昨年、現役を引退したダミアーノ・クネゴ氏。言わずと知れた、2004年ジロ・デ・イタリアのチャンピオンである。クネゴ氏は現在トレーナーとして、選手時代に培った経験を生かし、個人の「目指すべき目標」を叶えていきたいという。日本人選手が強くなる方法についても聞いた。

「すべての扉が開いた」ジロ総合優勝

Q:プロ生活の中で印象に残っている勝利は?

クネゴ:ジロ・デ・イタリア(以下、ジロ)の優勝は言うまでもないですが、ジロ・ディ・ロンバルディア(以下、ロンバルディア)での3度の優勝も忘れられません。ジロに関しては、まず信じられない勝利。勝つということを想定していませんでしたからね。ジロに出る前に走ったレースで勝って、調子がいいとは思ってましたが、総合優勝という成果になるとは思いませんでした。そもそも、チームはキャプテンのジルベルト・シモー二を中心にチームが編成されてましたから。結局、あの年はシモーニではなく、僕の方が強かったということです。よく当時の新聞を読んでいた人には、僕とシモーネの不仲説を言う人がいますが、本当はすごく仲が良いんです。彼は私にとって大きなライバルと言う存在。チームが変わっても良きライバルで、お互いに高め合って良い関係が築けたと思います。話し合うことで解決することもあるということです。

Q:日本人からすると、イタリア人がジロで優勝することの意味が、深いところではわからない部分があります。どれほど大きな意味があるのでしょう。

クネゴ:そう言われてみると、どれほど重要なことかは説明しづらいですね。う〜ん、まずは快感です。快感そのものなんですよ。知名度が一気に上がり、みんなが僕の名前を口にします。とにかく、その一勝で“すべての扉が開く”んですよ。それくらい大きな意味のある大会です。

Q:ロンバルディアでの3回の優勝についてもお聞かせください。

クネゴ:ロンバルディアは、僕に合う大会なんだと思います。どちらかというと、長距離に適していて、すぐにリカバリーができる選手向けの大会。でも、初めて優勝した時は、「あれ、勝っちゃった」と言う感じで驚きがあった。2回目の時は、「まあ、勝てるだろう」と薄々感じてはいて、結局、リカルド・リッコとのスプリントに勝って優勝しました。2回の優勝でも相当うれしかったわけですが、3回も勝つことができました。これまでロンバルディアで3回勝った人は5人しかいません。その中に入ることができるのは、特別な感じがしますね。

ダミアーノ・クネゴが語る、「日本の底上げ」をする方法

大門監督の思いが私を変えた

Q:昨シーズンで引退され、これからはトレーナーとして新たな取り組みを始めていますが、いつ頃からトレーナーをしようと考えていたのでしょう。

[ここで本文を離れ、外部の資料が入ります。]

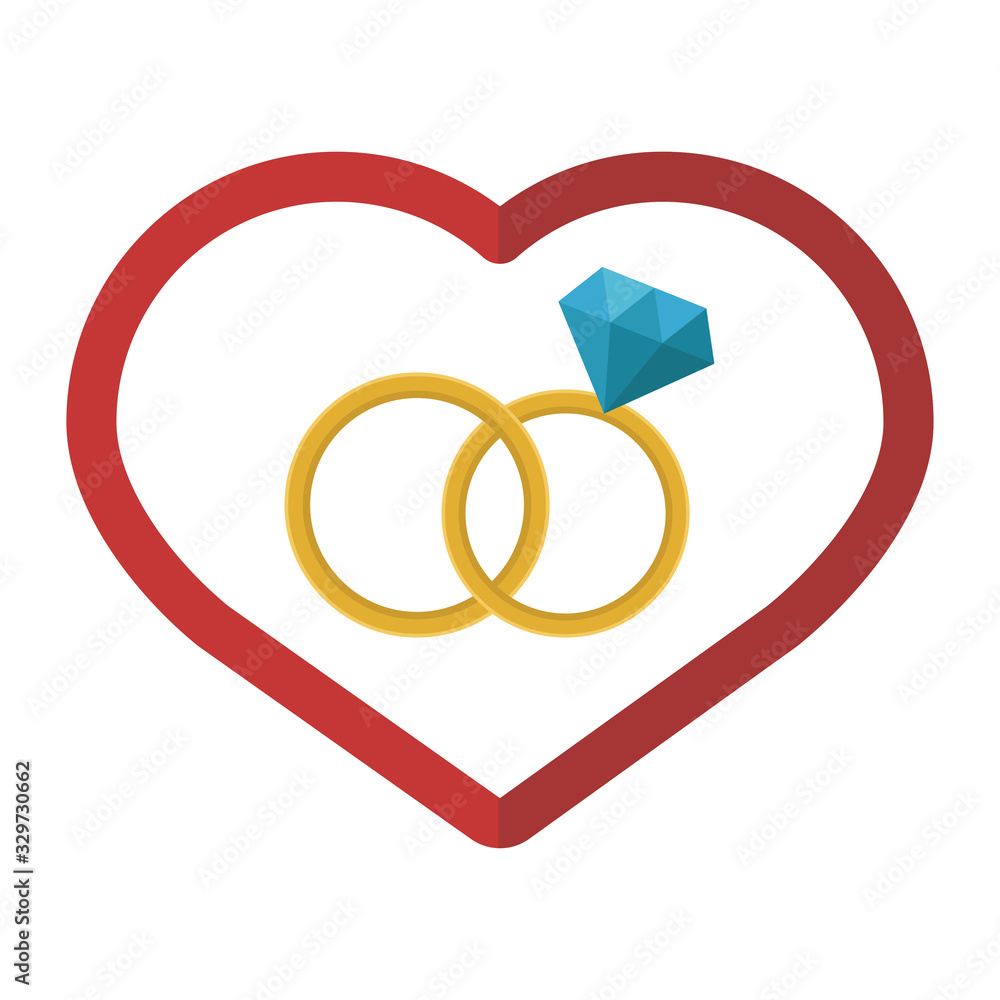 Wedding rings with red heart icon design vector Wedding rings with red heart icon design vector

クネゴ:実は選手の頃から、私と一緒に練習したいという地元(イタリア・ヴェローナ)の若者がいたんです。自分だけではなく、人のためにトレーニングプログラムを組むことが、かえって自分のためになるのではないかと思っていました。それが2010年頃のこと。多くの人が、頑張っても頑張っても成果が出ないことにフラストレーションを持っています。そういう人に教えることで、目に見えて成長する。そこに面白みを感じ始めたのが2014年。そして引退後はトレーナーの道に進みたいと思うようになりました。

Q:2014年ということはランプレでの最後の年ですね。翌年からNIPPOに加入するわけですね。

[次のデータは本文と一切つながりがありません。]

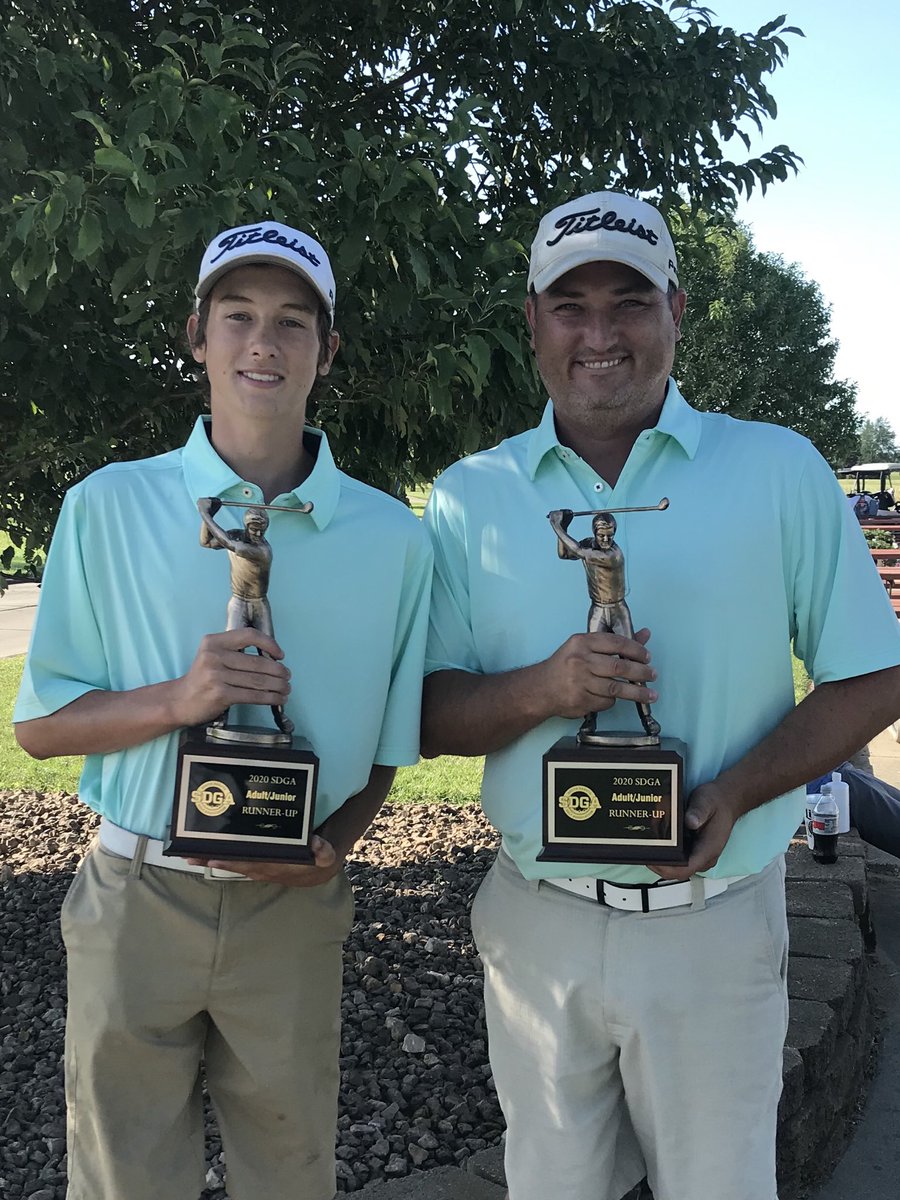jhmunson's tweet photo. Eric made a 25 footer to save par and secure second place in the State Adult Junior.  Finally got my hands on a big SDGA trophy after trying for over 20 years.  Proud Dad moment. https://t.co/plY4RC4GRb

クネゴ:NIPPOに入ったことで、人のために働きたいとか、トレーナーをしたいという気持ちが強くなりました。大門監督も言っていますが、NIPPOの精神というのは若手を育てることにあると。大門監督は私に対して、「若手を育てて、成長させてほしい」という意向がありました。その思いが私を変えたんだと思いますね。実際、自分を中心としたチームではなかったですし、チームの中での役割として若手に教えることに全然違和感はありませんでしたしね。

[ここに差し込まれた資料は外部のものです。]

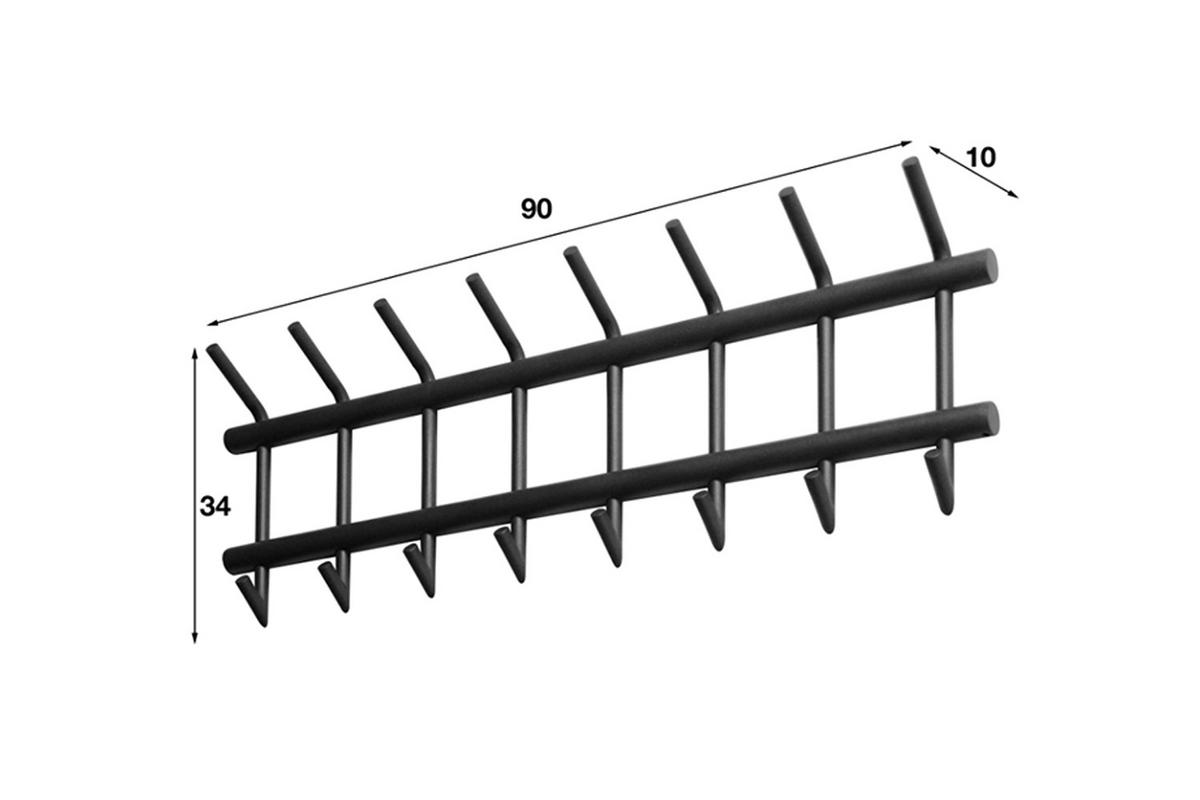 GARDEROBE FABIA Grau Metall - Grau, Metall (90/34/10cm) - KAWOLA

Q:実際に日本人と走ってみて感じたことは、どのようなことですか?

クネゴ:まずは日本とイタリアの大きな差を感じました。イタリアは100年以上のレース文化の伝統があります。日本を同じレベルに持っていくには、まだ時間がかかります。とはいえ、日本人選手の変化はすごく感じます。だんだん強くなってきています。NIPPOというチームが多くの日本人をヨーロッパに連れていくことで得ている経験がすごく大きい。中根選手と初山選手はとても良いレベルの選手だと思います。ヨーロッパは自転車の中心ですから、日本が強くなるには、もっとヨーロッパで走らせないとダメです。今は、NIPPOしか日本人選手はいませんからね。できれば他のチームでも日本人の扉を開いて、経験を積ませることです。例えば、現地で自らお金を払ってでもトレーナーを雇って、経験を積むこと以外に強くなれる方法はないと思います。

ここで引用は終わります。